(Provided data)

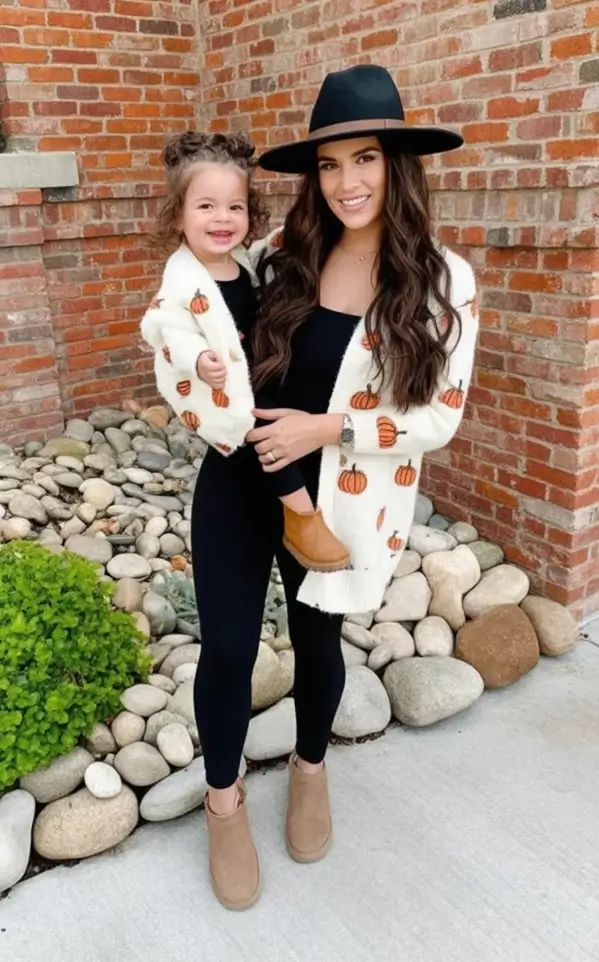 What to Wear for Fall Family Photos in 2025 Cozy Pumpkins and Black Basics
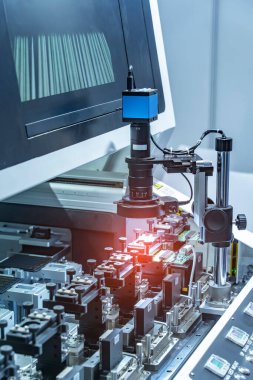 Endüstri 4.0 ve teknoloji konsepti için imalat endüstrisindeki akıllı robotlar. Zenginlik fabrikasındaki robotik görüş sensör kamera sistemi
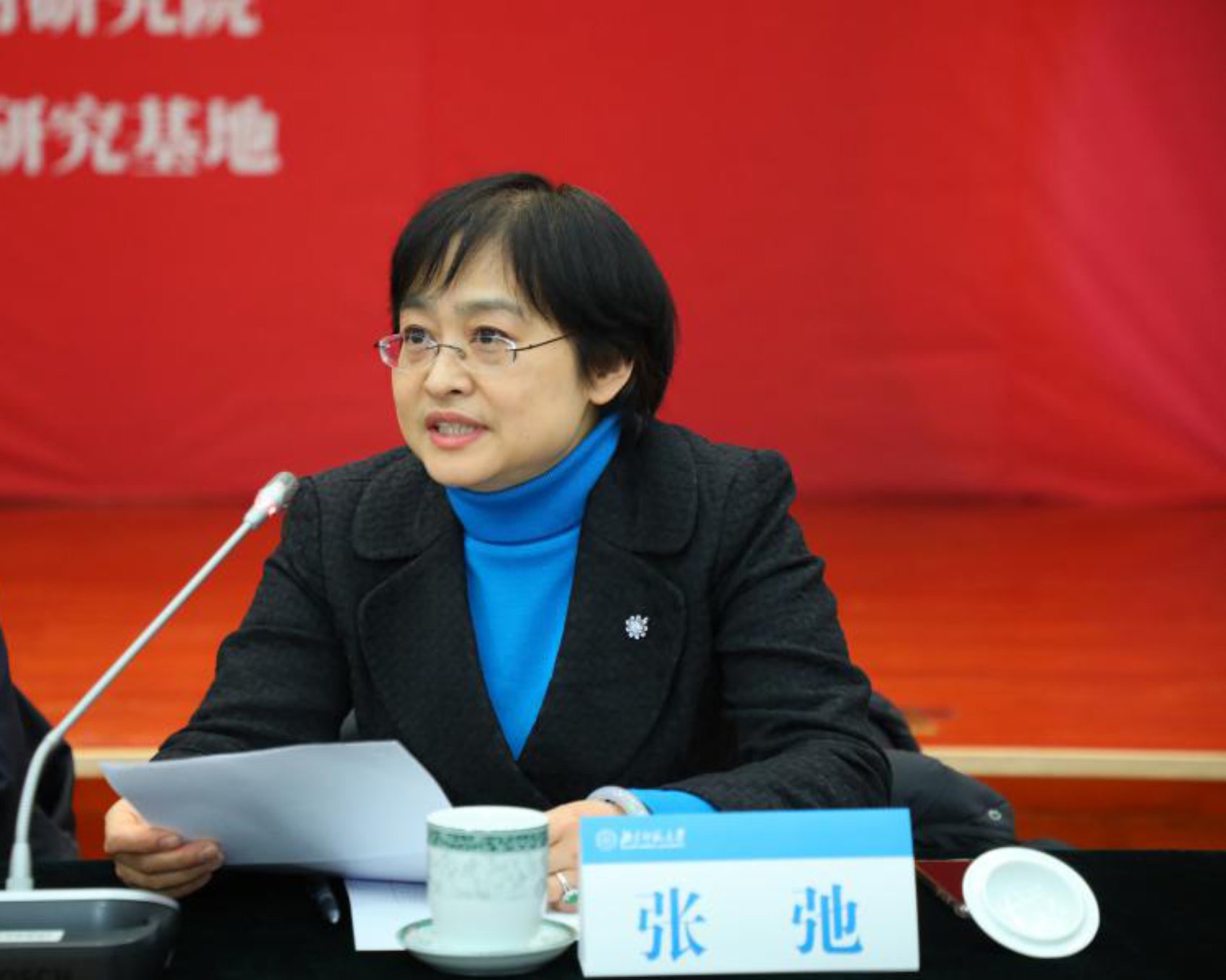 免费成人直播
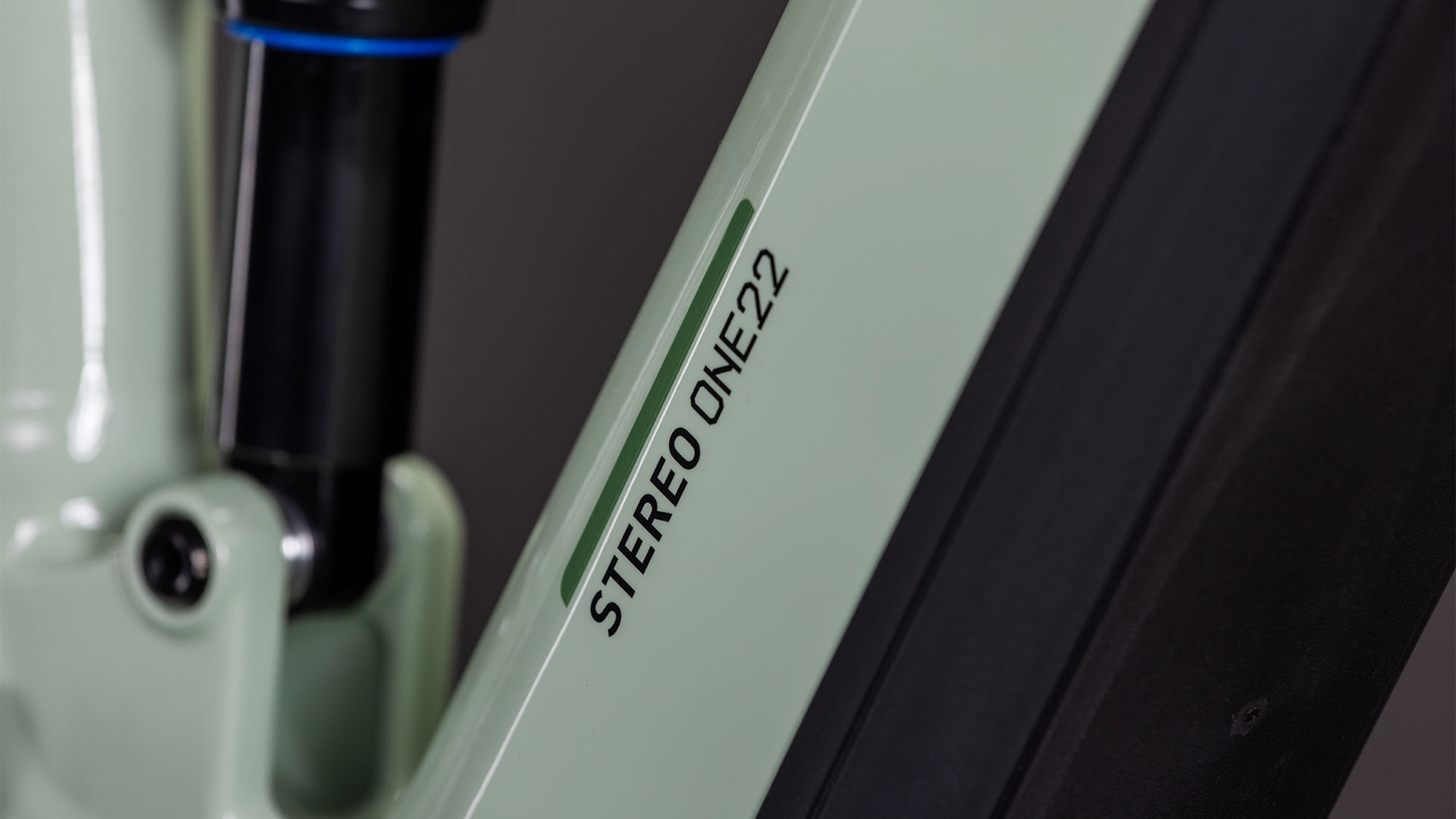 Cube Stereo Hybrid ONE22 PRO 800 2026 L | stonegrey´n´black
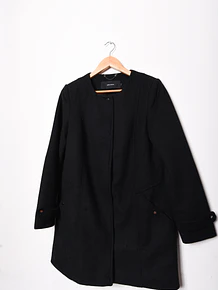 Abrigo negro broches lana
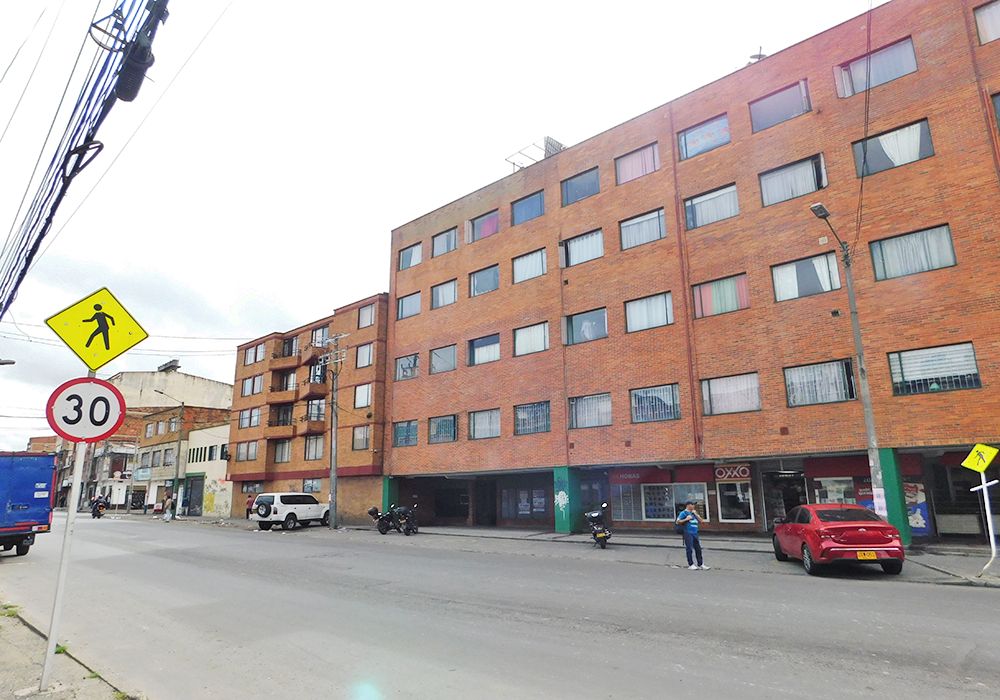 Local en venta Cundinamarca Bogotá El Progreso 220 m2 Habitaciones 0 Baños 2 Garajes 0 Precio $950000000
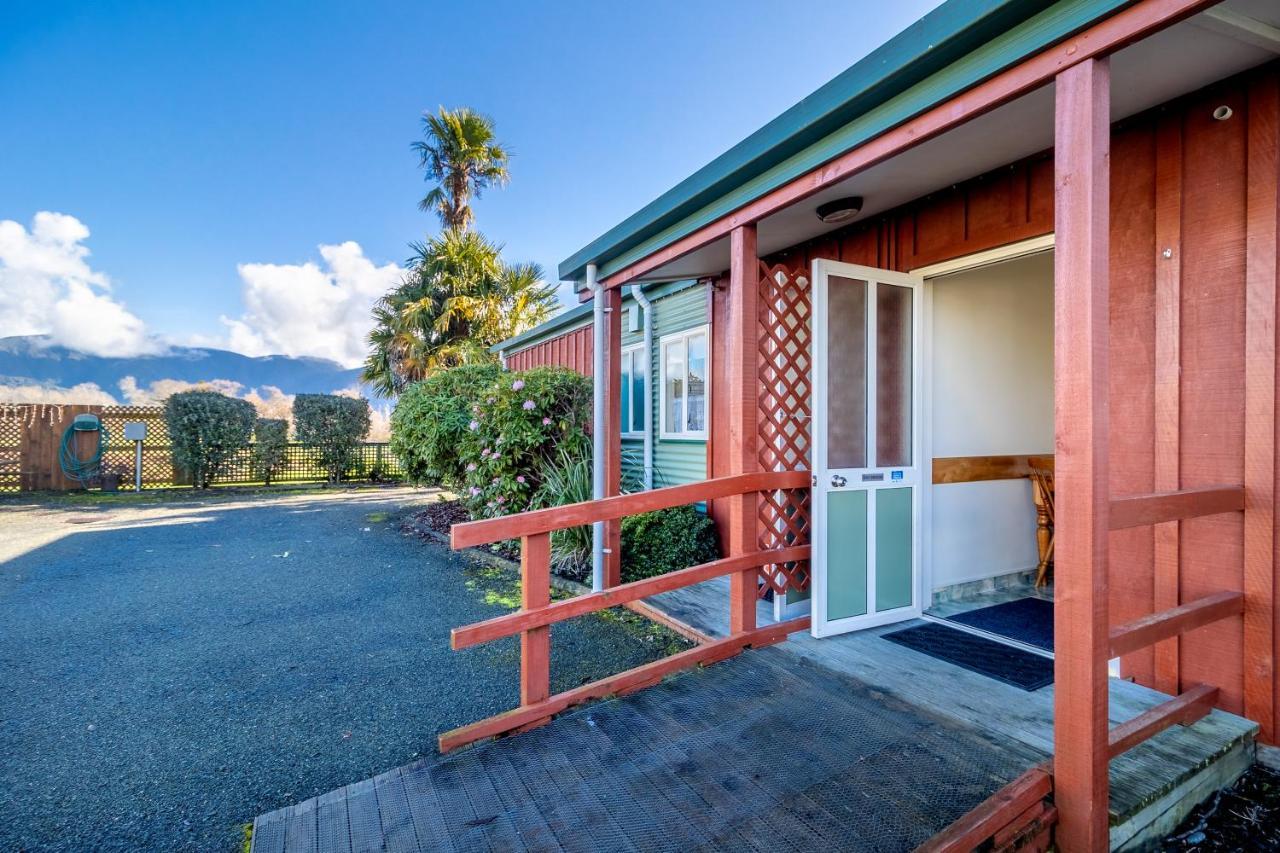 Anatoki Lodge Motel Takaka Exteriör bild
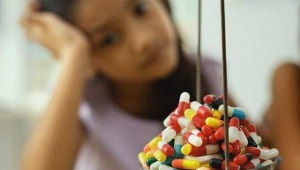 Broad-spectrum antibiotics for children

(End Provided data)

Task goal
When copying the data above, repeat every word exactly and drop the pictures.

Response area
 What to Wear for Fall Family Photos in 2025 Cozy Pumpkins and Black Basics
 Endüstri 4.0 ve teknoloji konsepti için imalat endüstrisindeki akıllı robotlar. Zenginlik fabrikasındaki robotik görüş sensör kamera sistemi
 免费成人直播
 Cube Stereo Hybrid ONE22 PRO 800 2026 L | stonegrey´n´black
 Abrigo negro broches lana
 Local en venta Cundinamarca Bogotá El Progreso 220 m2 Habitaciones 0 Baños 2 Garajes 0 Precio $950000000
 Anatoki Lodge Motel Takaka Exteriör bild
 Broad-spectrum antibiotics for children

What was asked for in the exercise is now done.